Public IPs and nameservers on firewall

Barry Margolin barmar at bbnplanet.com
Sat Nov 6 00:34:32 UTC 1999


In article <382345C5.D7A372FB at home.com>,
G. Roderick Singleton <gsingleton at home.com> wrote:
>I have a situation where I have a firewall host that is a slave
>to my off-site nameserver.  For this one machine everything works
>like a charm. However, I'd like to include my hosts that use 
>a public IP (192.168.32.0) as part of the scenario. (i.e. I'm lazy and
>don't want to make internal roots et cetera for 5 hosts)

192.168.x.x is private IP's, not public.

You can get away with putting these A records in your off-site nameserver.
No one outside your LAN would ever have reason to look up your internal
PC's, so little harm can come from including them in the public DNS.

>If stuffing them in my slave definition is not a good idea. Can I

What do you mean by "stuffing them in my slave definition"?

>simply create a nameserver for the 192.168.32. hosts (PCs) and then have
>this server, in turn, point at the local slave and so on.
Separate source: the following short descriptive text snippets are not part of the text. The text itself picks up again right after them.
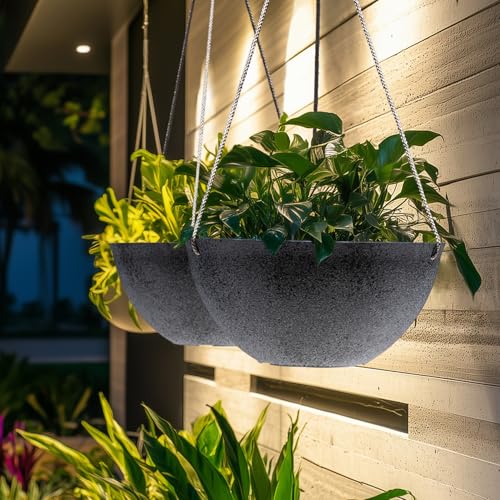 Large Hanging Planters for Outdoor Plants (2 Count)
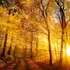 Аромаолія осіннє сяйво Autumn Glow, Об `єм: 5 мл, Сезонность: Осень, Концентрація: 100% Pure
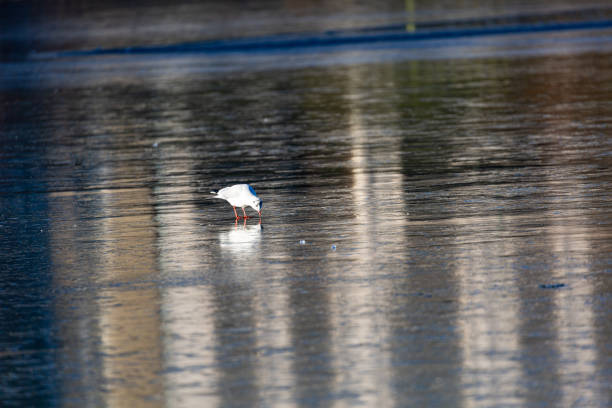 Seagull stay on frozen lake
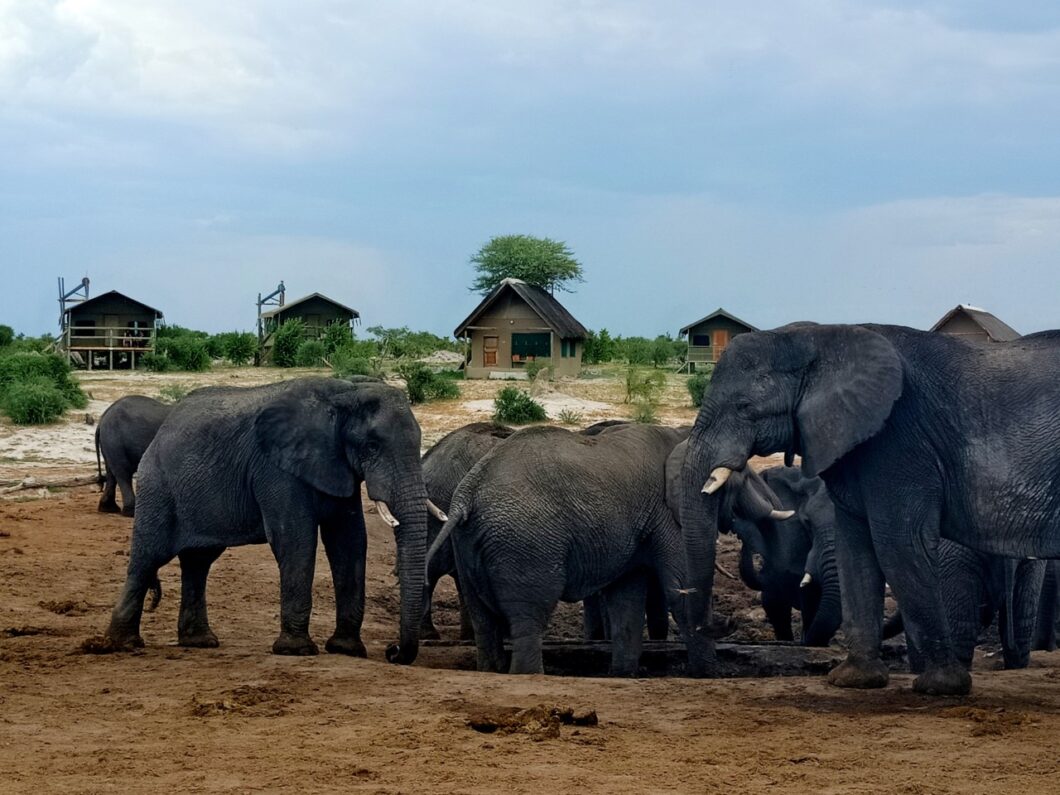 Olifanten Botswana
Another solution would be to put these IP's in a subdomain, and configure
your firewall or an internal server as the master server for the
subdomain.  If you use an internal server, it can be configured to forward
everything else to the firewall.

-- 
Barry Margolin, barmar at bbnplanet.com
GTE Internetworking, Powered by BBN, Burlington, MA
*** DON'T SEND TECHNICAL QUESTIONS DIRECTLY TO ME, post them to newsgroups.
Please DON'T copy followups to me -- I'll assume it wasn't posted to the group.